И тут богатыри остановились. Не потому что пришли к дому своему, царем-батюшкой выделенным, а потому что дверка у этого самого дома была распахнута настежь.
— Ты кого-нибудь ждал в гости, а, братец меньшой? — поинтересовался Илья.
— Не, скорее это Добрыня…причем, судя по всему, ждет полдеревни к себе в гости и исключительно баб!
— Да вы что? — слабо воспротивился красный, как вареный рак, Добрыня, — Да я нет…да ни в жисть…
В голосе его, однако, звучала надежда.
— Вот и я не жду, — прервал словесный поток Никитича внезапно помрачневший Илья, — А незваный гость, как известно, хуже половца. Готовимся к худшему. Пошли!
Внутренне убранство богатырского дома оставалось нетронутым. Алеша опрометчиво сделал вывод, дескать, может дверь сама открылась? Или ветерок шальной помог, Леля мимо проходила? Но Илье так не казалось — было тут что-то такое — настораживающее, непонятное… Да и в Лелю-красу, откровенно говоря, верилось слабо.
А еще казалось, что чего-то в доме не хватает. Вот только чего?
…Когда после долгого осмотра богатыри вернулись в горницу, они поняли, чего именно не хватало…Сундук, в котором они так неосмотрительно вчера оставили свои мечи-саморубы, исчез. Богатыри ошалело переглянулись, и кинулись на поиски.

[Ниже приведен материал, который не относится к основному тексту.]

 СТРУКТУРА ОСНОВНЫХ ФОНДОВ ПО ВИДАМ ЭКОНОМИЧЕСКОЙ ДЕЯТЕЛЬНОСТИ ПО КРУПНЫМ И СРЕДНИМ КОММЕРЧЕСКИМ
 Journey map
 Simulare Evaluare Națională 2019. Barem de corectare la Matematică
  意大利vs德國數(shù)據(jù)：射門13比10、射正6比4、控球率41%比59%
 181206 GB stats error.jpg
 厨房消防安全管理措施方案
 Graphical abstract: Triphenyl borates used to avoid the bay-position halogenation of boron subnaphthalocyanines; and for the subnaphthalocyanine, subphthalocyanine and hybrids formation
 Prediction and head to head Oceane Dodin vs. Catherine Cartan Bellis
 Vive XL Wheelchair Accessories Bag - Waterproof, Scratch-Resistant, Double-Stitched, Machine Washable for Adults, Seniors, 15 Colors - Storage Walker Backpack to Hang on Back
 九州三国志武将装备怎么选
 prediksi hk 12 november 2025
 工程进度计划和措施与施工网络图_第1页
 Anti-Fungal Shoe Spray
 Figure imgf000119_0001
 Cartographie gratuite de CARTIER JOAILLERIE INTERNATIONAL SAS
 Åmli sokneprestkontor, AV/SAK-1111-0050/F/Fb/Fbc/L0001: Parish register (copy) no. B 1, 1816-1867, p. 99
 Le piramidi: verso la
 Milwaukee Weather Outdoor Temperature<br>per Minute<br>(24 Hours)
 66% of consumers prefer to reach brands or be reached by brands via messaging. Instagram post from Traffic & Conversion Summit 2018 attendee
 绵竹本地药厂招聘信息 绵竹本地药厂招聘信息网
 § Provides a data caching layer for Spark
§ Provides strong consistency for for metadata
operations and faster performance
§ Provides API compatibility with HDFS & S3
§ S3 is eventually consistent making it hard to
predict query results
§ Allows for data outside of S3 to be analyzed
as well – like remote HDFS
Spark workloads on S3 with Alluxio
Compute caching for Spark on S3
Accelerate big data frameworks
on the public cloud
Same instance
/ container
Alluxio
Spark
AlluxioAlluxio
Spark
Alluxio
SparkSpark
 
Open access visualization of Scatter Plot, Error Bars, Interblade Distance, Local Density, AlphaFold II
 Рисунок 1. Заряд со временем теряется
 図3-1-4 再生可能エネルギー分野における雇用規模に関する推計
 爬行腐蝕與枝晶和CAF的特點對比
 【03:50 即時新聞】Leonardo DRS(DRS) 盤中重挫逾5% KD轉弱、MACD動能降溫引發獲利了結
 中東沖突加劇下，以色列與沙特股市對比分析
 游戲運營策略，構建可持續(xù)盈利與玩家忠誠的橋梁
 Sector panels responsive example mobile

Оный сундук нашелся на чердаке. Украшенная искусной заморской резьбой крышка была сорвана и валялась неподалеку от лестницы. Основная же часть вызывающе стояла посреди чердака, как немой укор разиням. И, естественно, пустовала…
Лишь спустя несколько мгновений, пока богатыри матом горевали о невосполнимой потере, да пинали Алешу, который их и надоумил оставить саморубы здесь «на сохранение» (дескать, все равно же вернемся скоро, а в палату к царь-батюшке с оружием ну никак нельзя), все трое заметили, что в помещении находится еще кто-то.
Незнакомец сидел на старом Илюшином стуле, закинув ногу на ногу, демонстративно повернувшись к ним спиной. Именно поэтому, его сразу и не заметили. Когда на чердаке воцарилась тишина, и незваный гость понял, что его, наконец, увидели, он повернулся к богатырям. Тело его по-прежнему скрывала тень, посему определить с уверенностью, кто находится перед богатырями, было невозможно.
— Ну и кто ты? Что тут забыл и куда дел наши мечи, ирод несчастный? — упер руки в бока Илья, багровея на глазах. Пудовые кулаки Муромца отчетливо чесались, предчувствуя неизбежную драку.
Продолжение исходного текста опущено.